⟨

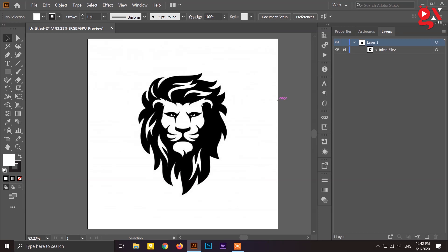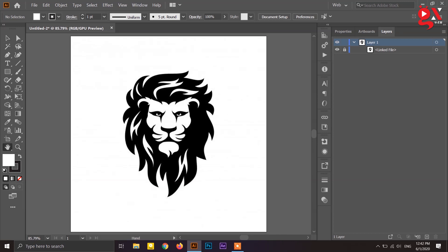We can also use pen tools to manually trace the image and easily design it the same way. In this case, we have all the powerful pen tool features available. So we can see this is an easy method shown in the video, and it produces the best work.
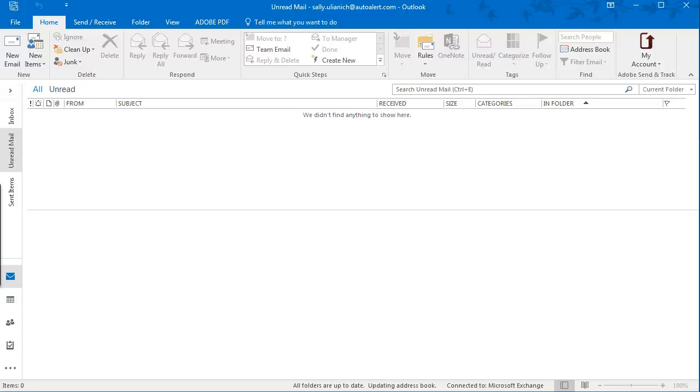Hi, I'm Sally, and in this video I'm going to show you how to create an email signature in Microsoft Outlook 2016.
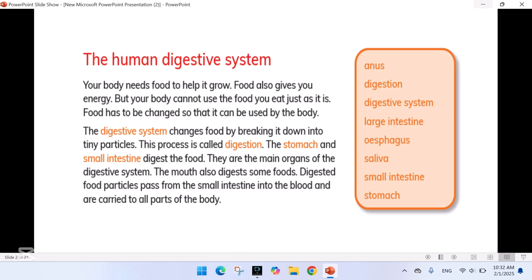The human digestive system: your body needs food to help it grow, and food also gives you energy. But your body cannot use the food you eat just as it is — food has to be changed so that it can be used by the body. The digestive system changes food by breaking it down into tiny particles; this process is called digestion.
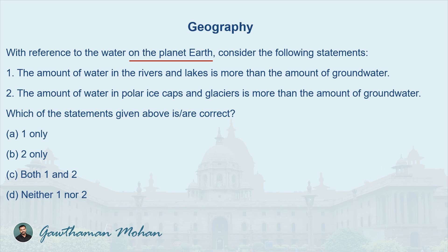The first statement is: the amount of water in rivers and lakes is more than the amount of groundwater. This looks correct because we can see that there are a lot of rivers and lakes containing a lot of water, and we don't really know the capacity of groundwater. So we tend to go with this as the right answer — but actually, this is the wrong one.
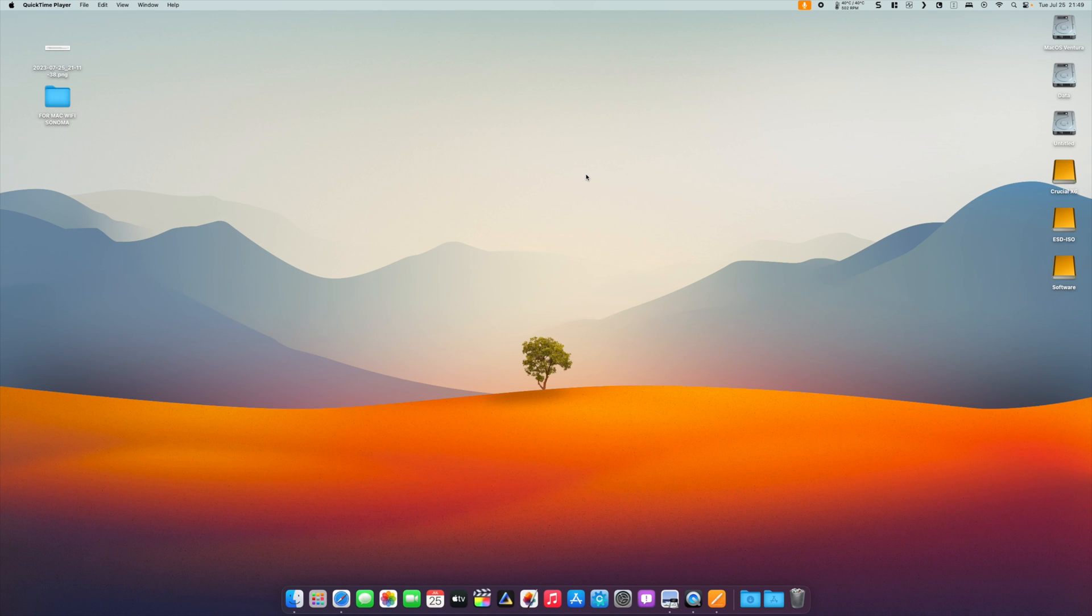Welcome to this video tutorial. Today I want to share some exciting news within the Hackintosh community.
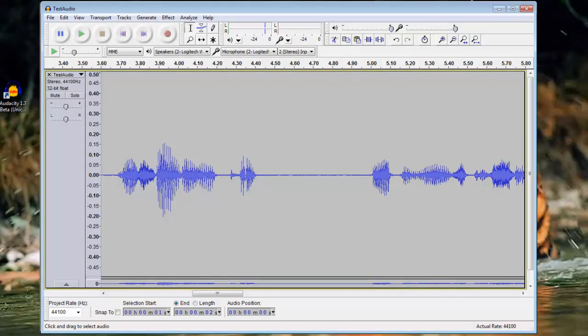You should now have Audacity downloaded and installed, and have a good understanding of the basic interface and functions. You should be able to clean up an audio file to remove background noise, remove spikes, remove sections, silence, and then how to properly export that audio into the format of your choice.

⟩

→ **EXERCISE GOAL**:
Where pictures appear, omit them, and transcribe exactly, with nothing else, the lines from the line with "The human digestive" through the final line of the records above, both ends included.

→ **ANSWER BOX**:
The human digestive system: your body needs food to help it grow, and food also gives you energy. But your body cannot use the food you eat just as it is — food has to be changed so that it can be used by the body. The digestive system changes food by breaking it down into tiny particles; this process is called digestion.
The first statement is: the amount of water in rivers and lakes is more than the amount of groundwater. This looks correct because we can see that there are a lot of rivers and lakes containing a lot of water, and we don't really know the capacity of groundwater. So we tend to go with this as the right answer — but actually, this is the wrong one.
Welcome to this video tutorial. Today I want to share some exciting news within the Hackintosh community.
You should now have Audacity downloaded and installed, and have a good understanding of the basic interface and functions. You should be able to clean up an audio file to remove background noise, remove spikes, remove sections, silence, and then how to properly export that audio into the format of your choice.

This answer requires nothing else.